When I started in photography – or more accurately, when I “started taking pictures” – I was all about capturing the moment. I have taken hundreds (maybe thousands) of snapshots in my life. I saw bright colors, or an interesting building, or a flower – I just had to take a snapshot. But when I look back at these shots later, they just don’t capture what I was feeling at the time.
Don’t get me wrong – snapshots are great, and I love looking back on places I’ve been, relatives, holidays, etc. We all take shots of our friends at parties, concerts we go to, quirky things we see on the street, etc. These all have their place in recording our lives.
Snapshots record an image – but it’s usually a story that’s intensely personal to you (your grandmother who passed away last year, the kids in your 8th grade class that you never see nowadays, etc.).

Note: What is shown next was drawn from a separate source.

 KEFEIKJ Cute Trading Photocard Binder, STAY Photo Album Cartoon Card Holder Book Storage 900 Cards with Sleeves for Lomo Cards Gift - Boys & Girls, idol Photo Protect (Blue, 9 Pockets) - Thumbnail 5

If you’re showing someone else a snapshot, you have to explain it. I still take my fair share of snapshots, but I’m more focused (pardon the pun) on true photography these days and less on just snapshots.
Photography is different – true photography tells its own story. Maybe the story has a slightly different meaning to each person that views it, but there’s something essential there that is instantly accessible to everyone. Photographer Elliott Erwitt said, “The whole point of taking pictures is so that you don’t have to explain things with words.” Ansel Adams said “There are always two people in every picture: the photographer and the viewer.”

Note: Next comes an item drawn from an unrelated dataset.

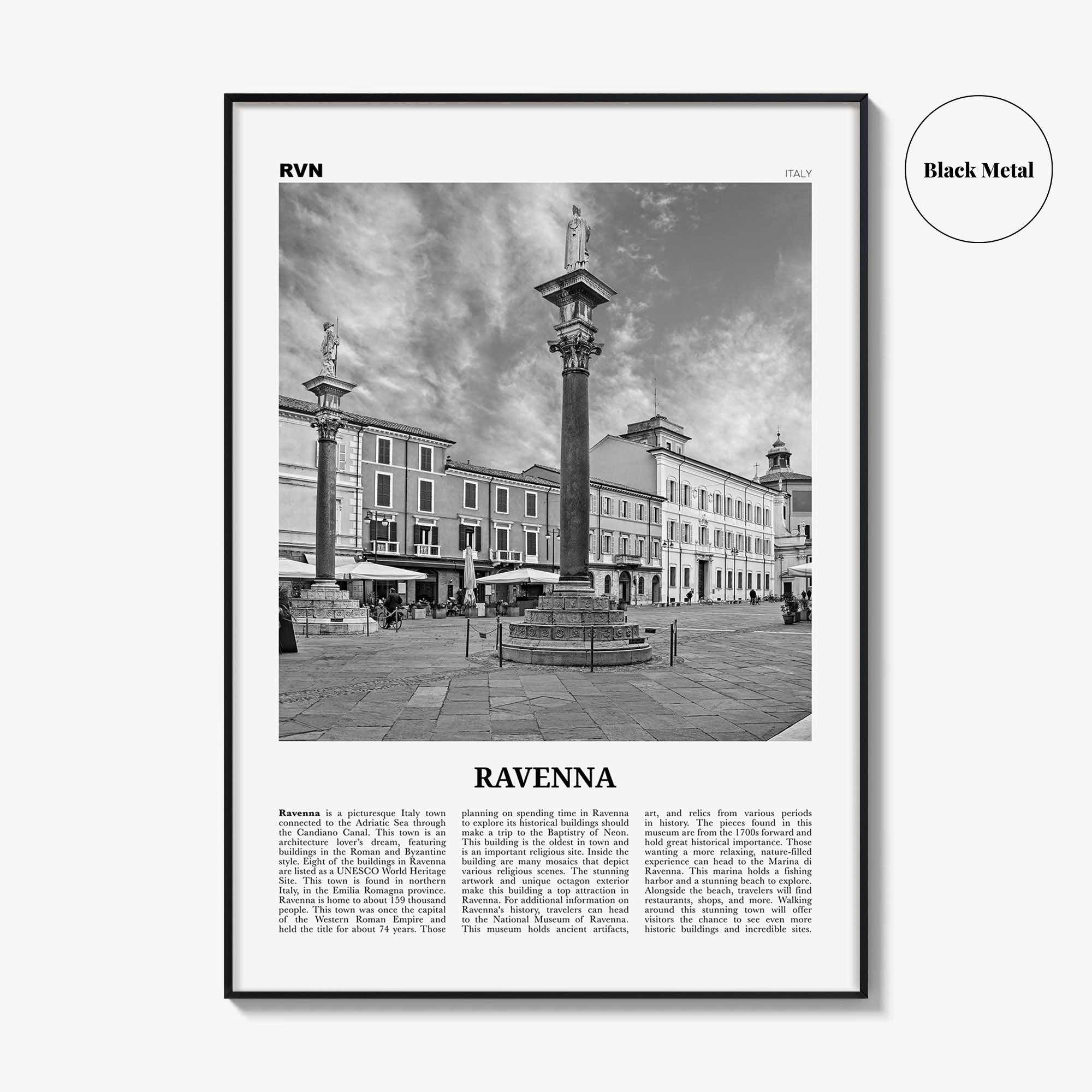 Ravenna Print Black and White, Ravenna Wall Art, Ravenna Poster, Ravenna Photo, Ravenna Wall Décor, Ravenna Map, Italy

Your viewer may come away “reading” a different story from a photograph than you’d intended. That’s OK. Our experiences inform how we interpret life and art. What matters is that the photograph means something to you, and that it conveys a story to your viewers. Something you don’t necessarily have to explain.
There’s lots more to say about this, and I’ll cover it in future blogs. And I truly hope you enjoy my attempt to create beautiful photographs that you’ll see on this site.